I.            INTRODUCTION             


                  A.         Legalism destroys a person’s joy in Christ.  In fact, legalism has probably driven as many people from Christianity as rationalism.  Furthermore, it is much easier to identify and mark out those people within the Christian church who deny fundamental doctrines or mock at the supernatural than it is to identify legalism in the life of an individual Christian or local church.  Legalism often appears to be Christian when it is not but rationalism is never Christian.

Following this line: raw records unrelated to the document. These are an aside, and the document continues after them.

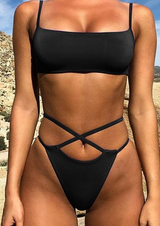 Spaghetti Strap Criss Cross Bikini Swimsuit - Dainty NYC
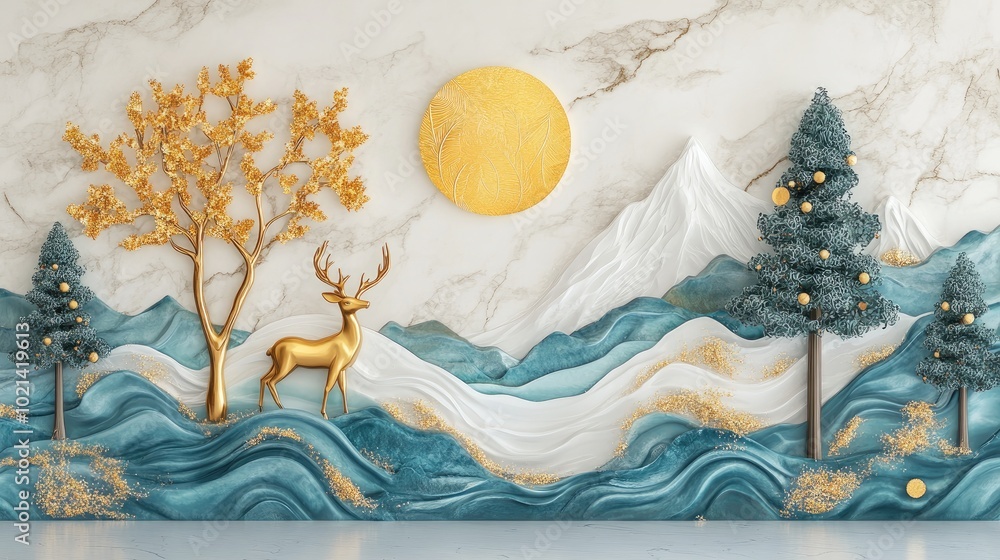 Poster 3d modern canvas mural featuring trees and a white marble backdrop with a golden deer festive tree m
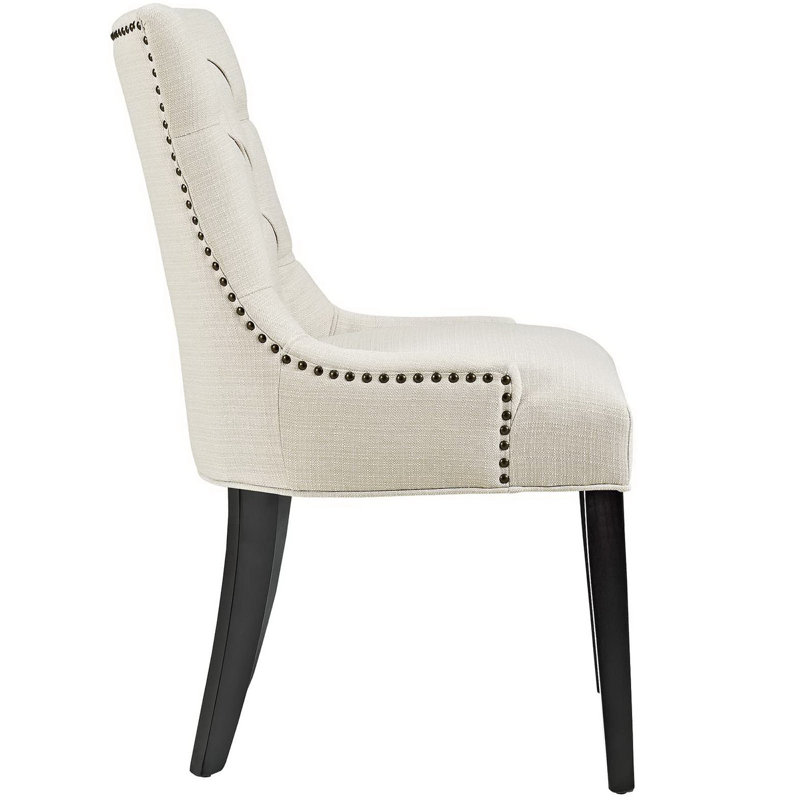 Modern Elegant Button Tufted Upholstered Fabric With Nailhead Trim, Side Chair, Beige, Beige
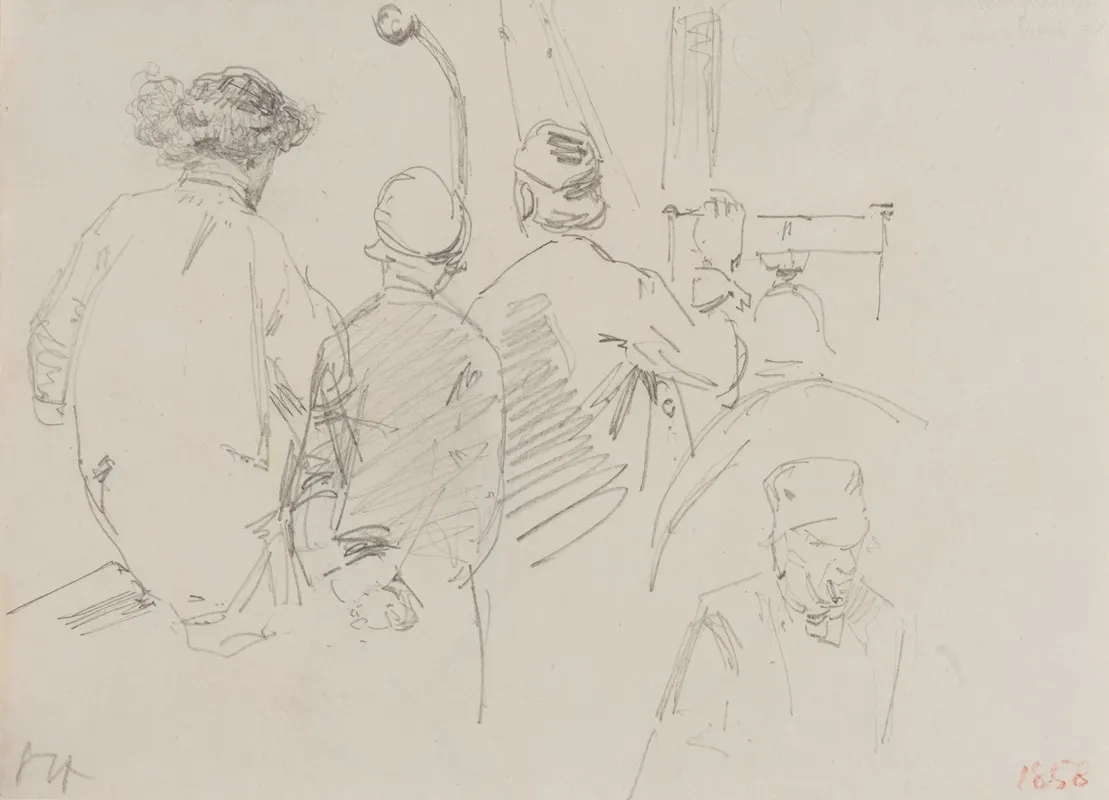 Four Men Aboard A Boat Wall Art by James Abbott McNeill Whistler - High-Resolution Digital Print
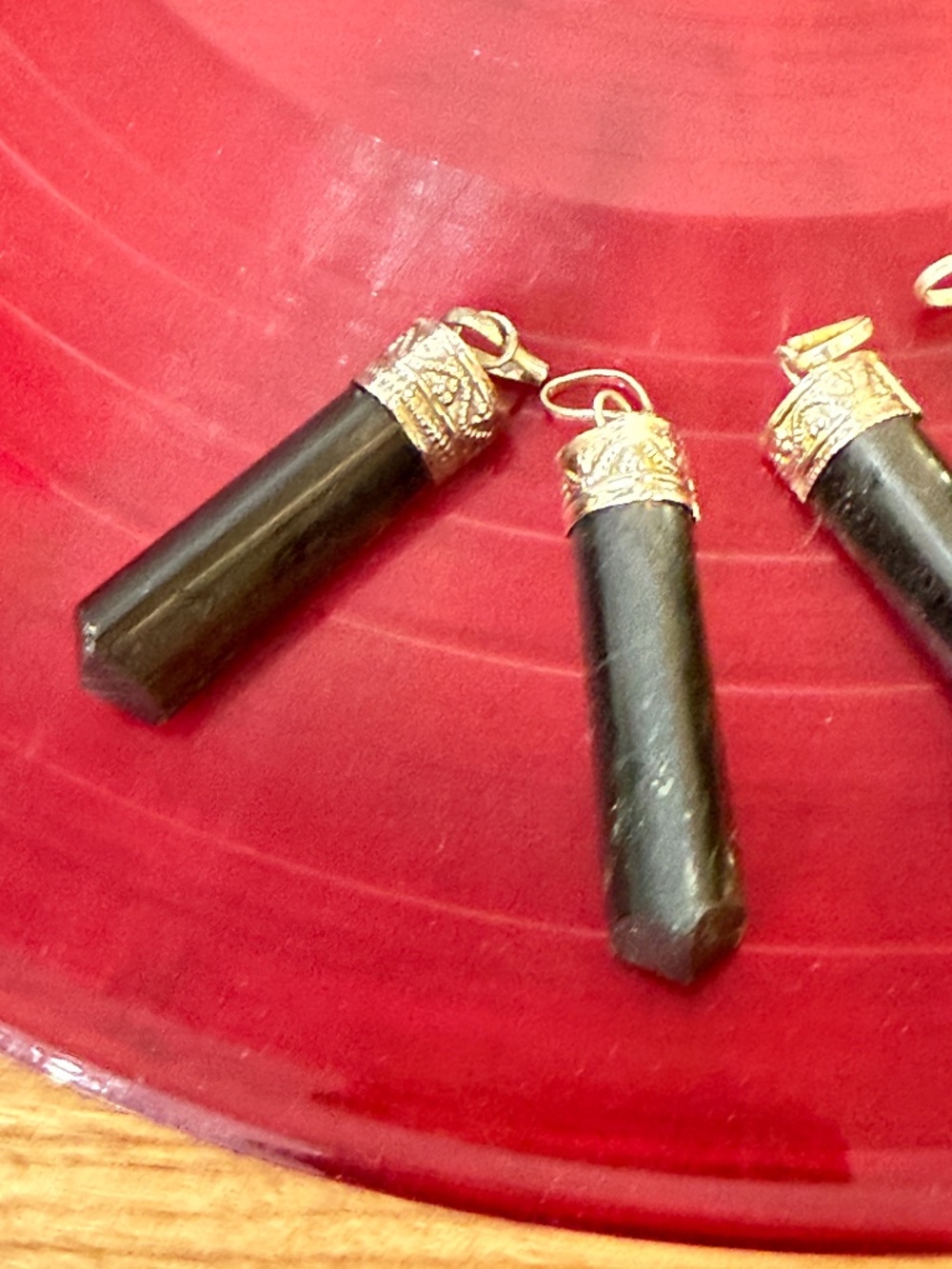 4 Onyx Pendants Black Agate - Picture 4 of 6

                  B.         There is legalism in salvation in which a person says “Believe on the Lord Jesus Christ PLUS something else, whether it be a work, an act or a ritual.  The one condition for salvation is faith in the Lord Jesus Christ which includes the concept of repentance when a person changes his mind about God, Christ and sin.  Any time anything is added to by grace through faith in Christ for salvation, it is a legalistic act.  If teachers or preachers say, “Believe and be baptized” or Believe and join the church” or “Believe and surrender” or “Believe and do good works,” making some additional condition for salvation, these persons are legalistic in the area of salvation.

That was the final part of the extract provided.